- Description of the task: Please repeat exactly the line containing "Prenzlauer Berg Vorschau" and each line after it in the records below, through the last.

Data entries:

Segment Open

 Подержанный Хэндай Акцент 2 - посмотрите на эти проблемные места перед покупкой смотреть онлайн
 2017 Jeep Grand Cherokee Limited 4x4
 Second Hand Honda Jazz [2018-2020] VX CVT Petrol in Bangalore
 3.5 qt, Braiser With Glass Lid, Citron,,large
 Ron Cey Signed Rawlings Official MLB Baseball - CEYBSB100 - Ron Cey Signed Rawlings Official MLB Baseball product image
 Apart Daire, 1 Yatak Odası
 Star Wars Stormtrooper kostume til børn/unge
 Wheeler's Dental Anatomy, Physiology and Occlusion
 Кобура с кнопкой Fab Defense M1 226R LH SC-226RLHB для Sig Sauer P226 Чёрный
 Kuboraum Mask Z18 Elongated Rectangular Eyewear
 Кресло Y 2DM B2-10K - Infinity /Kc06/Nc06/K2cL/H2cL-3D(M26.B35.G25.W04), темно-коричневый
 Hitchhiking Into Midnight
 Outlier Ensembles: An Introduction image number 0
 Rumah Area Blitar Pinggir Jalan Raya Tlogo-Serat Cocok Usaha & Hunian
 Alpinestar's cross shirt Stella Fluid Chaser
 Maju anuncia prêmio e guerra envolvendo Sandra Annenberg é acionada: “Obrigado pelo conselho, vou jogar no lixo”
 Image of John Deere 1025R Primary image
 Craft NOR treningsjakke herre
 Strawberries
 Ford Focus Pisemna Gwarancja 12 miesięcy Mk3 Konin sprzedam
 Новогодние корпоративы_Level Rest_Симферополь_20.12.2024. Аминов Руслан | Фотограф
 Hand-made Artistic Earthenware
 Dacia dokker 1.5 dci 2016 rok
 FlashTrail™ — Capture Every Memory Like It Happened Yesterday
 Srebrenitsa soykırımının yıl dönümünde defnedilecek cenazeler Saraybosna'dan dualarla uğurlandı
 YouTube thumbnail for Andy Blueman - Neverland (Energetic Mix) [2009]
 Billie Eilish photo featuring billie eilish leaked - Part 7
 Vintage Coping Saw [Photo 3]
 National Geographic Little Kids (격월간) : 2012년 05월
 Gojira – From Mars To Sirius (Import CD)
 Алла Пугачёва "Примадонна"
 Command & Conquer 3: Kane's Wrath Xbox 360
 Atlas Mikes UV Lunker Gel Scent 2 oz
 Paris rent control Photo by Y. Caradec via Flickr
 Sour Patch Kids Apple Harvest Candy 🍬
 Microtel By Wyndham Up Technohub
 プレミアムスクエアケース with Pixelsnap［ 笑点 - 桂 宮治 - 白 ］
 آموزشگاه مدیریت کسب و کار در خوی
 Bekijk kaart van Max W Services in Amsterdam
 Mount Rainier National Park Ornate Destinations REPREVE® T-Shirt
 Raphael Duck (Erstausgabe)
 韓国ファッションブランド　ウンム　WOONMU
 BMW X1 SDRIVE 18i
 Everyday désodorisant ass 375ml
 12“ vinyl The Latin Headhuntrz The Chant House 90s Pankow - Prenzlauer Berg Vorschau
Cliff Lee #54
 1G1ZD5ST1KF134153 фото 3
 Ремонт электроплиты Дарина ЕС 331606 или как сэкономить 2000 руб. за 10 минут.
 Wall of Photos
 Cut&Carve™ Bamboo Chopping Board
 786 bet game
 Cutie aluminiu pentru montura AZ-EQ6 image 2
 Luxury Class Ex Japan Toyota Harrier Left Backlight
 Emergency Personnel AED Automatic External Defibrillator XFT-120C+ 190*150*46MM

Segment Closed

- Exercise solution:
 12“ vinyl The Latin Headhuntrz The Chant House 90s Pankow - Prenzlauer Berg Vorschau
Cliff Lee #54
 1G1ZD5ST1KF134153 фото 3
 Ремонт электроплиты Дарина ЕС 331606 или как сэкономить 2000 руб. за 10 минут.
 Wall of Photos
 Cut&Carve™ Bamboo Chopping Board
 786 bet game
 Cutie aluminiu pentru montura AZ-EQ6 image 2
 Luxury Class Ex Japan Toyota Harrier Left Backlight
 Emergency Personnel AED Automatic External Defibrillator XFT-120C+ 190*150*46MM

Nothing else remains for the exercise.